La troisième partie de l’ouvrage, qui inclut les chapitres 6 et 7, aborde l’école première en Belgique francophone. Très proche du système français, le système éducatif belge offre trois années d’école première facultatives, bien qu’elles soient fréquentées par la majorité des enfants.

Le chapitre 6 porte sur l’historique de l’école maternelle en Belgique francophone. L’auteur, Sébastien Schetgen, tente de faire comprendre comment celle-ci est passée progressivement d’une approche développementale à une approche plus scolarisante. L’éclairage proposé ouvre la voie à une compréhension plus fine des pratiques d’enseignement et d’évaluation qui ont cours aujourd’hui, et donne l’occasion de réfléchir aux enjeux et défis qui en découlent.

Par la lecture du chapitre 7, le lecteur comprendra davantage certaines pratiques d’évaluation à l’école maternelle en Belgique francophone et leurs effets sur le cheminement des enfants. Pour ce faire, les auteures Bouko et Van Lint font état des constats découlant de deux années de recherche portant sur le redoublement des enfants qui fréquentent la maternelle 5 ans (c.-à-d. un enfant sur 25, soit environ un enfant par classe). Ainsi, bien qu’il n’y ait aucune évaluation des apprentissages formels, nombre d’enfants sont maintenus à la même année d’études. La réflexion proposée par les auteures démontre notamment que les conséquences d’un maintien semblent interprétées de façon distincte : les chercheurs trouvent cela inefficace, alors que ce n’est pas le cas des enseignants. Les auteures présentent, d’une part, les représentations des enseignants à propos des « indicateurs de maintien » utilisés pour permettre à un enfant ou non de passer en classe supérieure. D’autre part, elles décrivent les résultats d’une recherche-action visant à modifier le regard des enseignants sur l’évaluation. Les conclusions précisent l’intérêt de la mise en place, avec les enseignants, d’une démarche réflexive en vue d’adopter une visée de l’évaluation centrée sur les apprentissages disciplinaires fondamentaux et ainsi de diminuer le maintien.

Quatrième partie

La quatrième et dernière partie du livre aborde la question de l’évaluation à l’école maternelle en Italie, qui possède une structure de scolarité se rapprochant de celle de la Belgique et de la France, dont il a été question précédemment. Encore une fois, l’école première n’est pas obligatoire, mais la majorité des enfants de 3 à 6 ans la fréquentent.
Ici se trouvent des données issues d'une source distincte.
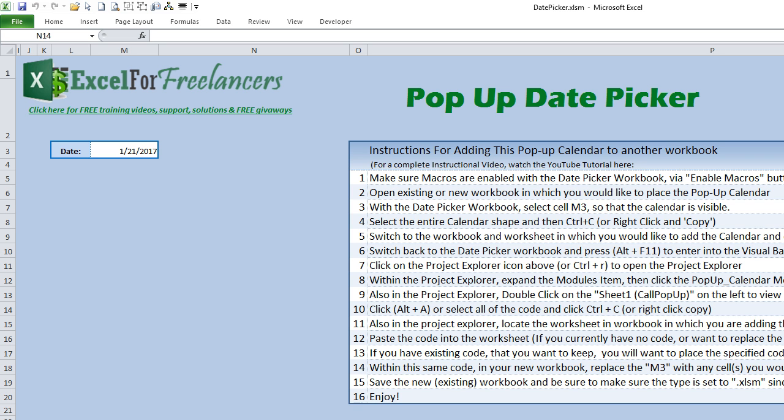Hello and thank you for joining me today. This is Randy with Excel for Freelancers, and today we're going to be discussing how to import this pop-up date picker from my application into your own Excel workbook.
Au chapitre 8, Calidoni s’intéresse à l’histoire de l’école maternelle en Italie. Son analyse démontre, comme ce fut le cas dans certains des chapitres précédents, une tension entre une représentation de l’évaluation plutôt formative et une évaluation formée d’outils misant davantage sur des listes de validation nationales, sans cesse plus précises et pointues concernant les attentes et apprentissages que les enfants doivent atteindre. L’auteur s’interroge sur les répercussions de cette tension sur les pratiques éducatives, notamment en ce qui concerne une éventuelle banalisation des processus d’évaluation. Ses conclusions proposent une réflexion pour soutenir la modification du regard porté sur l’évaluation en classe de maternelle, de façon à l’axer sur l’évolution du développement de l’enfant plutôt que sur ses performances.
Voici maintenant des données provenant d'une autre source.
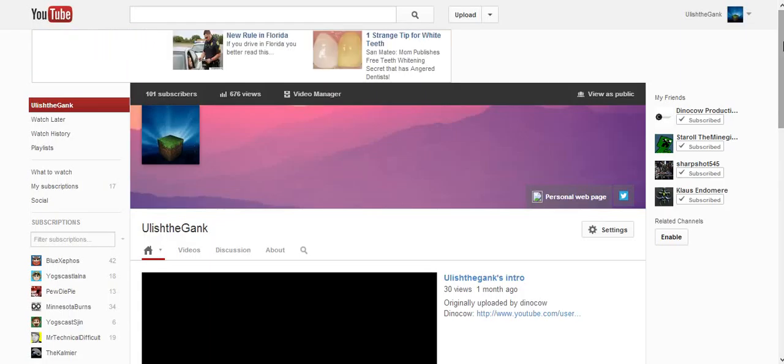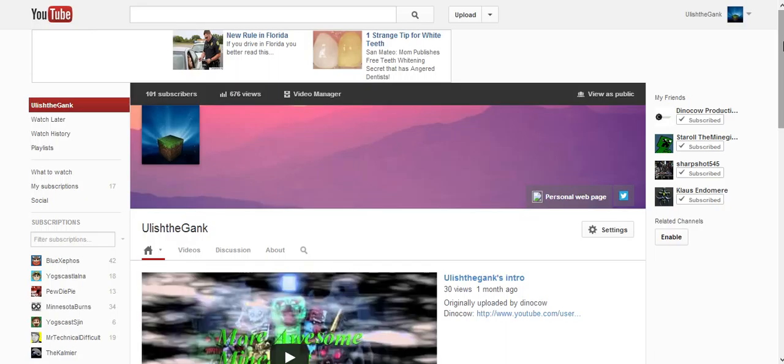Hello guys, this is Ulish the Gank and we have 101 subs which is amazing.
Le dernier chapitre du livre s’attarde à l’évaluation et au développement professionnel des enseignants pour l’évaluation à l’école première. L’auteure, Grange, propose une analyse des besoins des enseignants en soutien à l’évaluation pour l’école maternelle, le tout dans une structure de recherche participative. Ses écrits mènent à l’identification, encore une fois, de diverses tensions de l’évaluation en classe de maternelle, notamment : l’évaluation diffuse ou intégrée, l’observation spontanée ou systématique, l’information descendante (top-down) ou l’échange coopératif, de même que la demande de formation par rapport aux besoins de formation. Pour favoriser le développement professionnel, l’auteure insiste sur l’importance d’amener les enseignants à se questionner sur les pratiques évaluatives utilisées. C’est ainsi qu’ils pourront s’engager dans une réflexion pédagogique réellement porteuse pour leur développement professionnel. La conclusion offre divers conseils pour le soutien au développement professionnel par le biais de recherches participatives.
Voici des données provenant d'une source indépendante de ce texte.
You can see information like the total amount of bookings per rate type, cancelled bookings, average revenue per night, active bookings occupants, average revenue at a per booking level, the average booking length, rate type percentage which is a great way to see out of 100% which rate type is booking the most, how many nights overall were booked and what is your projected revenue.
Forces et faiblesses de l’ouvrage

Le présent ouvrage constitue une référence utile tant pour les praticiens que pour les décideurs politiques, les directions d’école et les chercheurs intéressés par l’éducation préscolaire. Il offre une analyse intéressante des enjeux et des défis de l’évaluation des jeunes enfants, grâce à plusieurs experts de quatre systèmes éducatifs distincts. Sur le plan théorique, il offre des chapitres à caractère historique expliquant bien les transformations au sein des programmes éducatifs à la source de changements concernant les visées et les outils d’évaluation. Sur le plan empirique, l’ouvrage présente aussi des recherches menées sur le terrain pour mieux saisir les bons coups, mais surtout les failles et les limites rencontrées par les enseignants lorsqu’ils évaluent les jeunes enfants.

Au-delà des nombreuses réflexions proposées sur les défis et les enjeux de l’école première, l’ouvrage demeure discret quant aux solutions possibles pour pallier les tensions soulevées. La nécessité de changer les pratiques d’évaluation est soulevée, mais force est d’admettre que ces changements demeurent souvent difficiles à enclencher et, surtout, à maintenir chez les enseignants.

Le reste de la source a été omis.